March in the forest with Chris Horne and Barbara Mitcalfe
Metrosideros robusta, Northern rātā
Te rātā whakaruruhau, “rātā, the giver of shelter”, describes the reverence which Māori felt for these huge, long-lived trees that sheltered a heavy load of other plants perching in their crowns.
Northern rātā is one of five endemic NZ tree rātā species, all of which can become towering forest giants, emergent at 20-30m in height, with trunks measuring several metres in diameter – we measured the diameter of one in the Akatarawa Forest at 16 tramping boot lengths! Northern rātā leaves have an intra-marginal vein encircling the leaf just inside the outer edge, a characteristic of the metrosideros genus. Dark green, neatly elliptic in shape, the leaves measure about 30mm x 20mm, but it's that tiny notch at the tip that is the clinching clue, so remember: “n” for notch = “n” for northern.

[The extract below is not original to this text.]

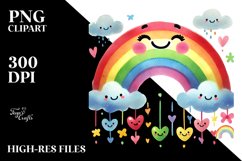 Colorful Rainbow with Hearts, PNG Product Image 2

Trampers in tall forest may not notice northern rātā in the canopy, but the pale, flaky bark of the trunk is a giveaway, and bright crimson leaves on the forest floor can indicate its presence. Masses of scarlet, staminate flowers adorn the crown from November to January and their nectar produces a distinctive honey. The inner bark of rātā was used extensively for dressing wounds and as a treatment for ringworm. Because of its extraordinary strength, heaviness and durability, rātā, “ironwood”, was often chosen to make logging rails, bogies, and even cogs in the milling machines.

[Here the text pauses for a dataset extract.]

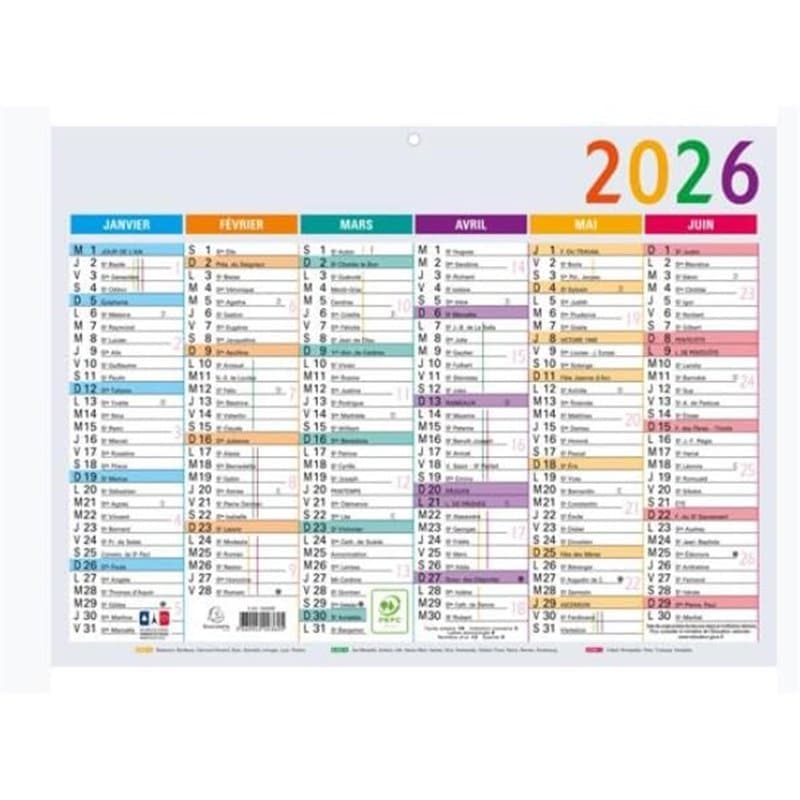 EXACOMPTA - 1 Calendrier Mural Annuelle Multicolor Double Face - Format 30 x 22 cm - Janvier 2026 à Décembre 2026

Northern rātā used to be numerous in coastal to lower montane (up to 700m a.s.l.) forest from North Cape to Westland. Imagine Te Ahumairangi / Tinakori Hill when it was covered with thousands of scarlet-flowering northern rātā, delighting nectar-feeding tūī and korimako. When these rātā were fired to create space for pasture, they burnt for months on end. (“You would think we had set the world on fire”. wrote Albert Kilmister, a 19th-century Karori farmer).
Northern rātā sometimes germinates on the ground, as most trees do, but often starts life as a wind-blown seed in the crown of a large, mature tree such as a rimu. It is not parasitic, just epiphytic. Over many 100s of years, its roots snake down towards earth, some even encircling the supporting tree's trunk. Eventually these roots fuse together like a trunk, by which time the old, supporting tree has declined and rotted away. This process, misunderstood, was responsible for some people regarding rātā as a strangler.
Possums can kill a huge, mature rātā in two years by preferentially eating its leaves, buds and flowers. Decline in pollinators such as bees, lizards, bats and nectar-feeding birds also threatens the survival of the species. A further threat in and near urban areas is the presence of overwhelming numbers of pōhutukawa, Metrosideros excelsa, with which it hybridises. Northern rātā, Metrosideros robusta, is a naturally-occurring Wellington species, once very numerous here. Pōhutukawa is not a naturally-occurring Wellington species. Humans introducing and planting it so extensively here may have risked the eventual loss of northern rātā as a separate species.